The IRC said this definition gives GOs multiple avenues to avoid implementing freeze protection measures, and forces NERC and the regional entities to judge the reasonableness and accuracy of an entity’s estimated costs. Pointing out that this is not normally the ERO’s jurisdiction, the IRC said the commission should direct cost-based constraints to be removed from the standard. Instead, IRC suggested constraints should be granted on a per-unit basis on grounds of technical feasibility, which the IRC observed falls under NERC’s expertise.  

In addition, the IRC warned the standard “provides far too much discretion to [registered entities] to interpret whether freeze protection measures are available for [their] equipment when determining whether a basis exists to declare a constraint.” It noted that the standard’s definition of “freeze protection measures” refers to practices and technologies “generally implemented by the electric industry in areas that experience similar winter climate conditions.” 

The council expressed concern this language would create difficulties with auditing the standard, because GOs could simply declare a constraint on the grounds that there are no available measures that are “generally implemented” by their peers.
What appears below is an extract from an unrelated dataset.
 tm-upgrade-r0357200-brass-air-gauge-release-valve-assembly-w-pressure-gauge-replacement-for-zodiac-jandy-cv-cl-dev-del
This could also “delay and disincentivize” the adoption of new technologies. IRC’s filing said the ERO should be directed to require measures that “would reasonably be expected to result in effective facility performance while operating at the extreme cold weather temperature.” 

Exemptions Too Generous

IRC also took issue with the standard’s exemptions for existing generating units. The standard exempts units from some winterization requirements if they “may be called upon to … assist in the mitigation of … emergencies during periods at or below a temperature of 32 degrees Fahrenheit.” IRC suggested that this exemption should apply only to “truly seasonal generating units that will not be called upon to operate during freezing conditions” so that units unsuited for cold weather are not called on in emergencies. 

NERC’s proposed timelines for implementing corrective action plans on units that experience cold weather-related emergencies — with entities’ required actions that can be completed within 24 and 48 months — were also a subject of the IRC’s criticism, with the council worrying that these periods “do not appropriately reflect the urgency of winterizing generating units.” It supported reducing the timetables to 12 and 24 months, along with requiring GOs to receive approval from NERC or their REs for longer implementation timelines. 
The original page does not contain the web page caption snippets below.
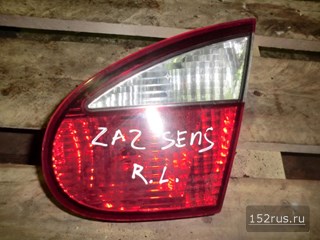 Фонарь Задний Правый Для Chevrolet Lanos Седан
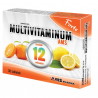 AMS Multivitaminum Forte,  30 tabletek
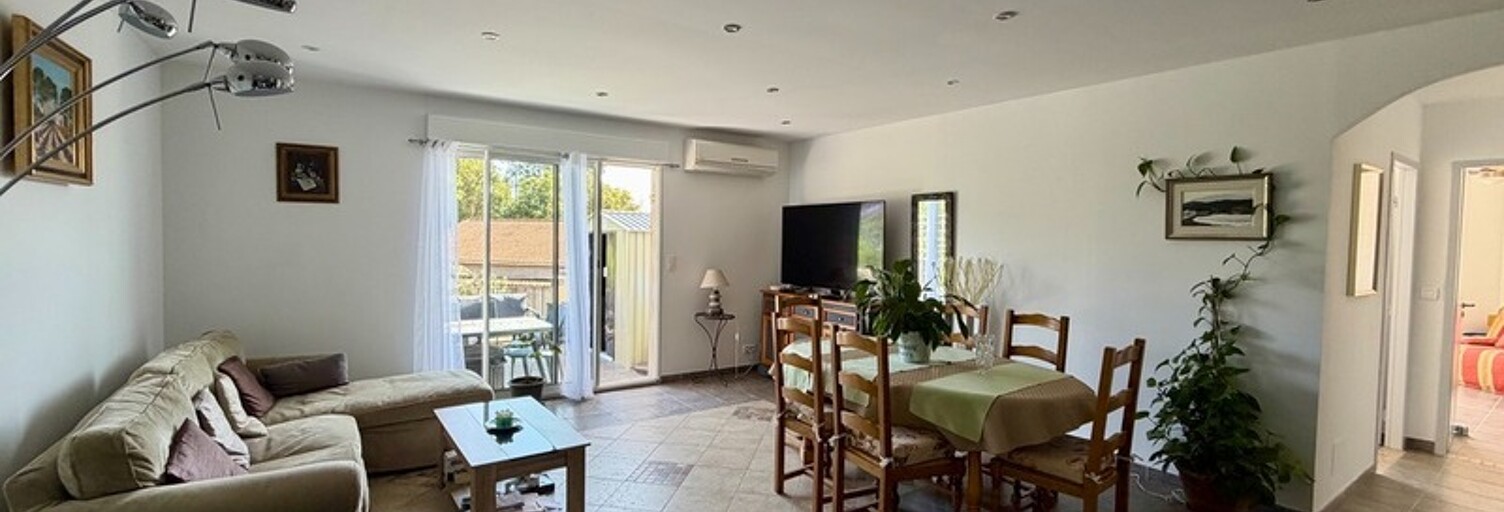 Appartement 3 Pièces 81 m² à vendre à Santa-Lucia-di-Moriani (20230)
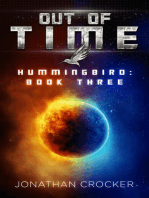 Out of Time - Hummingbird: Book Three: Hummingbird, #3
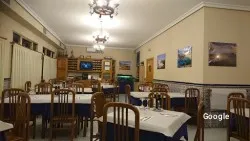 Las Palmeras II, restaurant in Sotillo de la Adrada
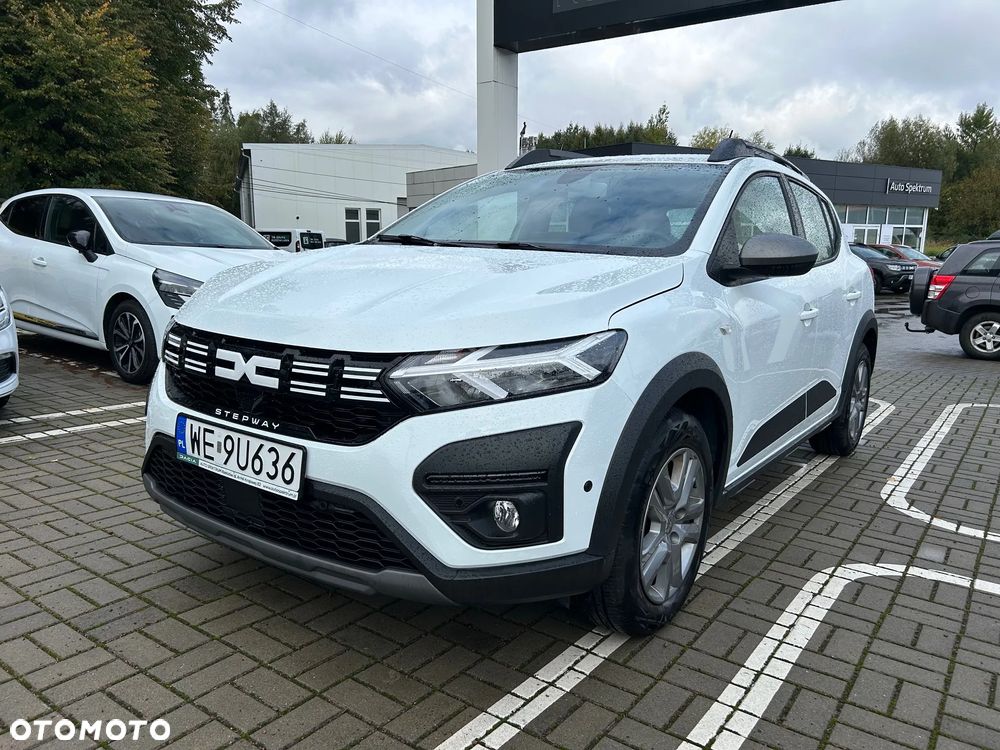 Dacia Sandero Stepway 1.0 TCe Expression CVT - 2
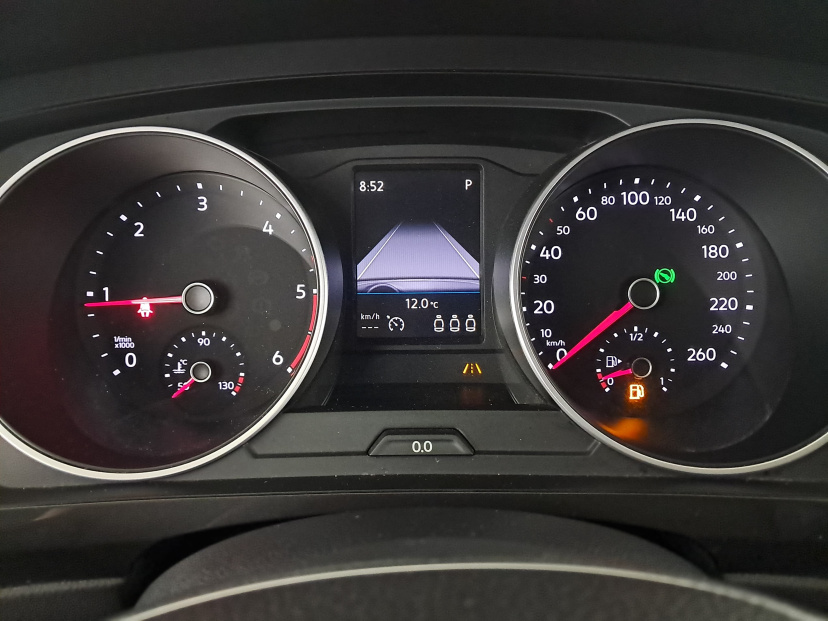 Volkswagen Tiguan, 2017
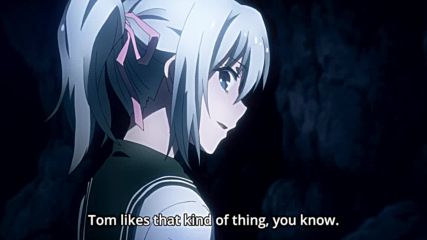 Taboo Tattoo Episode 12 Eng Sub End Hd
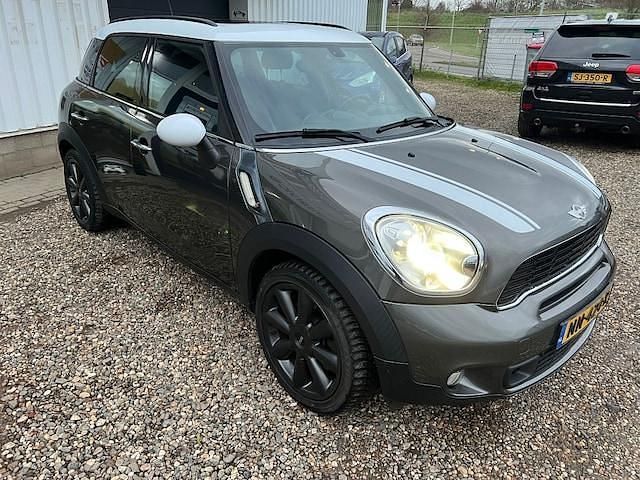 Occasion Mini Countryman Chili 184 PK (135 kW) 2011 Grijs SUV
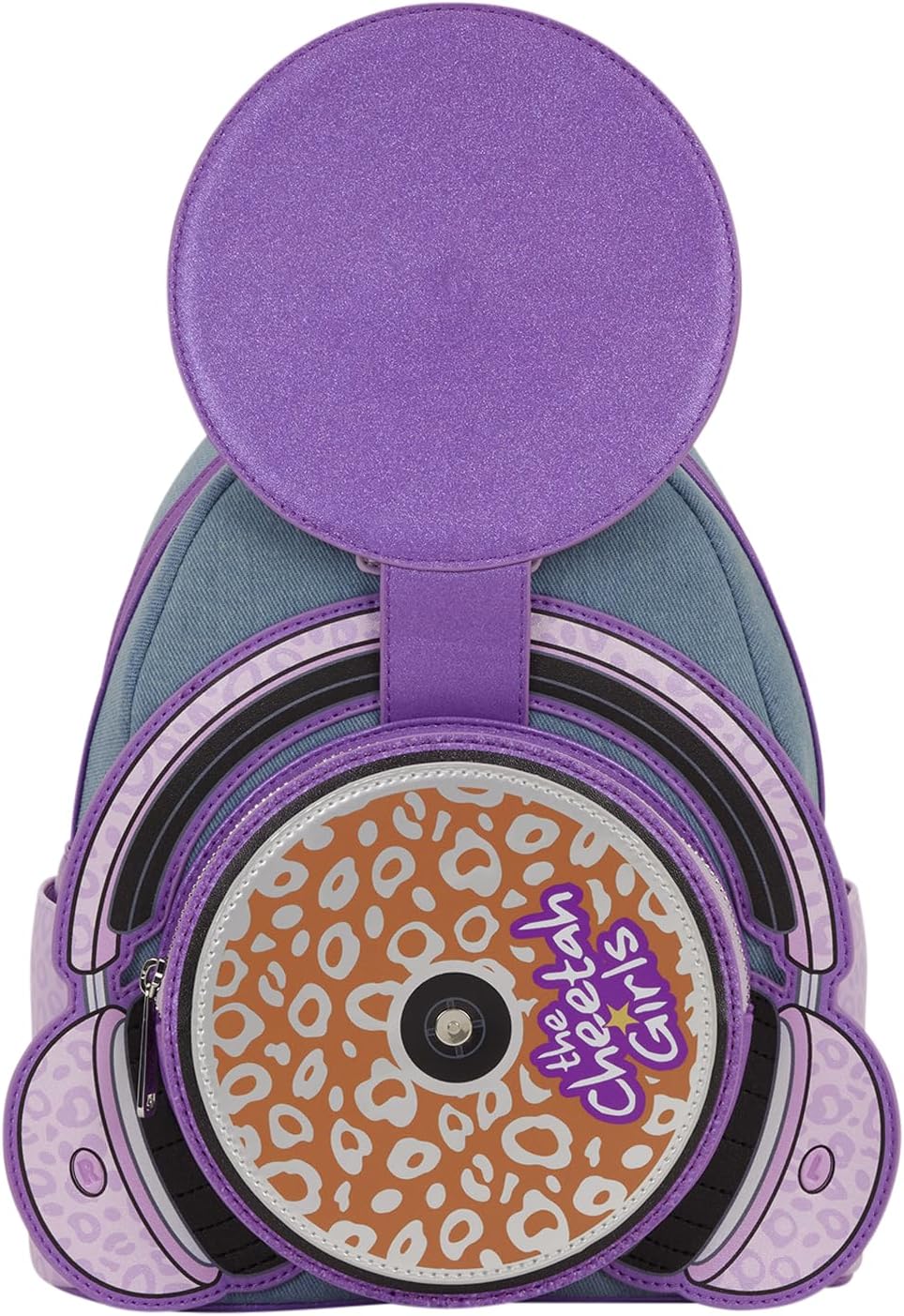 Loungefly The Cheetah Girls Mini Backpack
In a statement, NERC said that EOP-012-2 is part of a “suite of cold weather standards [that] are key to addressing” grid impacts of severe cold weather. The ERO pointed to EOP-012-2’s clarifications of applicability, GOs’ eligibility for exemptions and shortening the implementation timeline as “key modifications that build on the general framework and principles established in EOP-012-1,” and said NERC is committed “to monitoring the effectiveness of the standard.”